福井県坂井市三国新保にかつて、陸軍の鯖江三六連隊兵舎と演習場があったようです。
今回、国土地理院の空撮や地域の郷土史を交えて、現地の石碑や跡地などの様子を見ていきます。
陸軍演習場兵舎と空撮
明治42年(1909)に砂浜に陸軍演習場及び兵舎が作られ、三里浜は地主から軍に貸与されました。
まずは特に深い話はせずに見て行こうと思います。まずは、どこにあったのか当時の様子の空撮です。
戦後3年ほどの様子ですが、当時そのままのように思えます。
新保の町から左の方の三里浜へ延びる道は、兵営を貫く主要道です。
『三国町百年史』には、
村内の一町(約109m)ほどの農地及び出来島と、九頭竜川の堤防下の七町ほどの田以外農地はなく、大戦中辺り山を開拓するまで農業は少なかった。
引用:『三国町百年史』
といいます。
大部分が軍の物になったのですね。上の空撮で黄色線で囲ったのはあくまで兵舎なので、演習場はもっと広範囲でした。
では現在(2008年)の様子を見ます。
大体兵営の境界と思われる物をなぞってみました。
今でも地形はその兵営に沿った境界線が引かれているように思えます。
周りは民家や畑、町の施設が立っているようです。
後で現地の様子も見ていきます。
お次は、陸軍演習場があった当時の様子を郷土誌から見ていきます。
演習場と当時の様子
ここから当時の様子について、『新保区誌』を見て行こうと思います。
兵舎の配置
この三里浜演習場は、明治四十二年に鯖江36連隊の演習地として創設、後に金澤騎兵連隊の錬兵場になり、昭和4年(1929)の六呂師演習場ができるまでは唯一の演習場として使用されたようです。
- 兵舎 東西250m、南北500m。
- 演習場 幅2.3km、長さ13km。
村の山林と浜を使用していたようで、兵舎の営門には衛兵が立ち、その手前には衛兵所(管理人宅)があり、広場には松の木があったと言います。
兵舎は松原住宅に4棟、新保体育館側に4棟、墓地の上に面会所、松原住宅の丘の方に弾薬庫・厩舎(馬小屋)・浴場、その下に炊事場・酒保(売店)、後になって炊事場・酒保付近に将校宿舎・集会所があったと言います。

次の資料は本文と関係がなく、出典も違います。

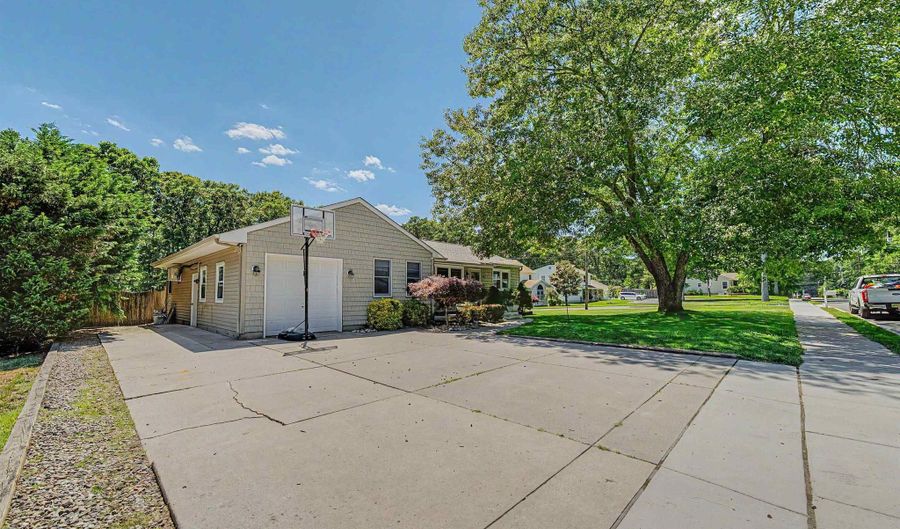 149 Crestview Ave, Absecon, NJ 08201 - 4 Beds, 2 Bath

簡単に言うと、道路を挟んで体育館側は北側、松原住宅側は南側です。
500~1000人程度の訓練が可能だったとか。
演習・兵舎・村の様子
36連隊は夜行軍で朝方に新保に着き、浜や松林で演習を行いました。浜には今はなき、丸山・松山と言った丘があり、実弾射撃訓練の標的となったようです。ただ、砂浜という事もあり、思うように走れず、服には砂が入り、銃口が砂まみれになるなど散々だったようですね。
夏演習には、金澤騎兵第9連隊が来ていた時があり、三、四丁目の各家が4斗樽2本を1日2回提供し、道路に馬を並べて水を飲ませていたと。

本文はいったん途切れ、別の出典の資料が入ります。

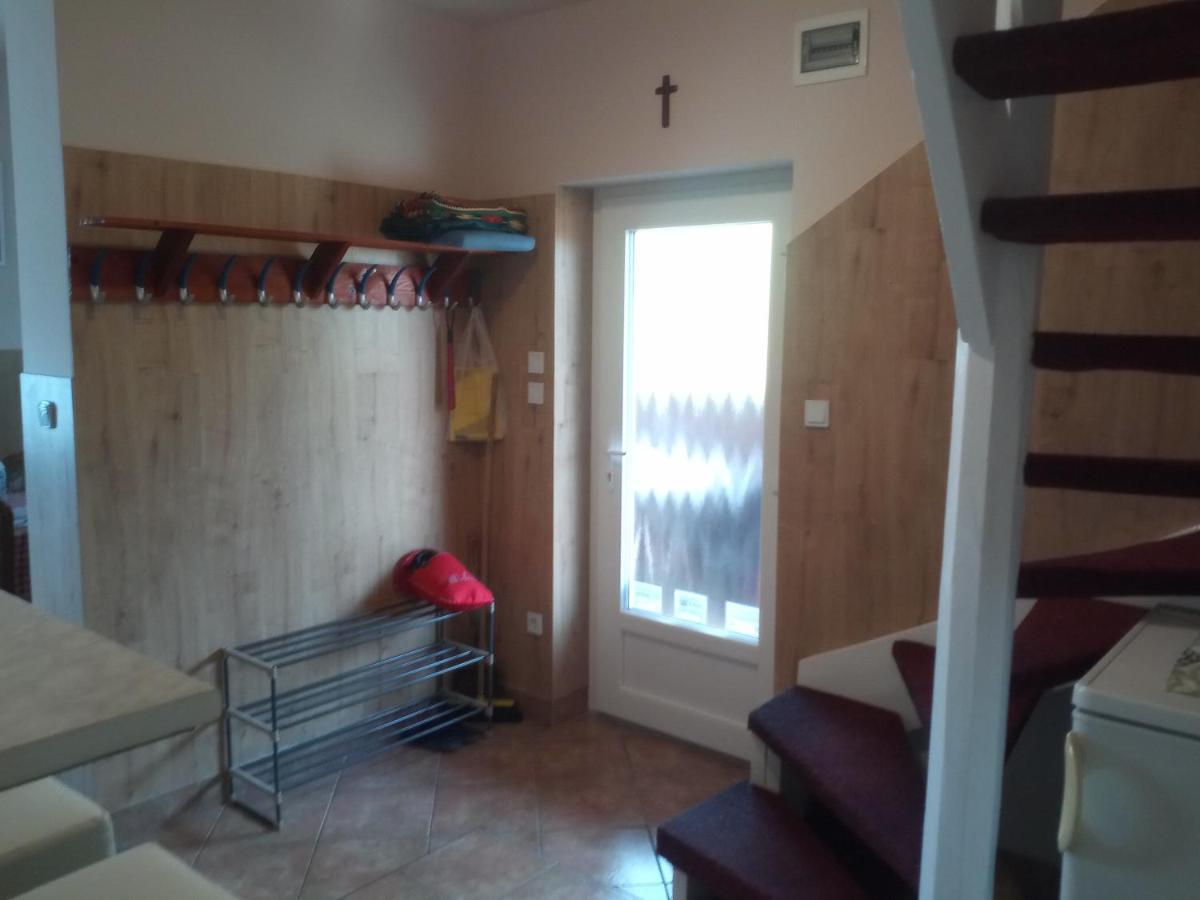 Budai Vam Apartmanhaz Pecs Exterior photo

今はテクノポートになっていますが、ここら一帯は砂浜や丘がありました。戦後、工業地帯になるまでの数十年間は、弾丸などが多く埋まっていたかもしれませんね。
演習場なので通常は使用しないようですが、営門近くに番宅があり、退役将校が管理していたようです。兵隊がやってくると、朝夕ラッパが響き町の上人が魚・米・味噌などを納入し、酒保も開き、うどん・そば・菓子なども売られたようです。また兵隊から残飯をもらって養豚することもあった様で、『新保区誌』には「ちょっとした兵隊の町になった。」と書かれています。
現在の様子
石碑はどこにあるか
現在、三里浜兵舎跡には石碑と記念のオブジェらしきものがあります。
「三里浜兵舎跡」石碑の側面には簡単な説明文も刻まれており、現地でもその歴史を確かめることができます。

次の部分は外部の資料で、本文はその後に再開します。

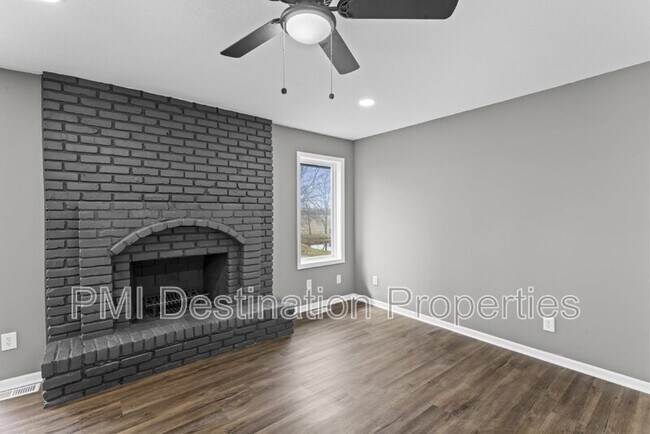Building Photo - 2081 Willow Ln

この石碑とオブジェがあるのが、かつての兵舎跡。現在のコミュニティーセンター敷地です。
兵舎跡の様子
広々とした駐車場と新保コミュニティーセンター。その後ろには、グラウンドがあり、更に横には新保体育館があります。この一帯が北側です。
そして、道路を挟んで逆方向には・・・
住宅地が見えます。松原住宅です。あれが南側です。
この体育館、グラウンド、コミュニティーセンター、住宅地一帯が兵舎跡というわけです。
境界石杭があるらしい
さらに、この新保のどこかに「陸軍省」という石杭があるらしいのです。
それに関して問い合わせた所、
現在は新保区で管理しており、非公開であり、どこにあるかも公表していない。もし学者や研究者としての取材であればお見せすることはできる。
という返答をいただきました。
残念ながら私は個人なので、これには当てはまりませんね。
そんな隠すようなものでもないと思うんですが・・・、まあ思う所は人それぞれなのでしょう。
ふれあい公園と忠魂碑
体育館の横から「ふれあい公園」という丘があります。
かつては、兵舎と新保の村を隔てた天然の仕切りだったのでしょう。
この公園の一番北には忠魂碑が建っています。
戦争という時代。日本の軍国という時代。この忠魂碑は、決して気高き誇り高き栄光の象徴ではなく、日本の為に散った人々を忘れることなく弔うため、戦争という悲惨な道を歩んだかつての日本を忘れないため、負の歴史を繰り返さないため、そんな多くの意味を持つ石碑だと思っています。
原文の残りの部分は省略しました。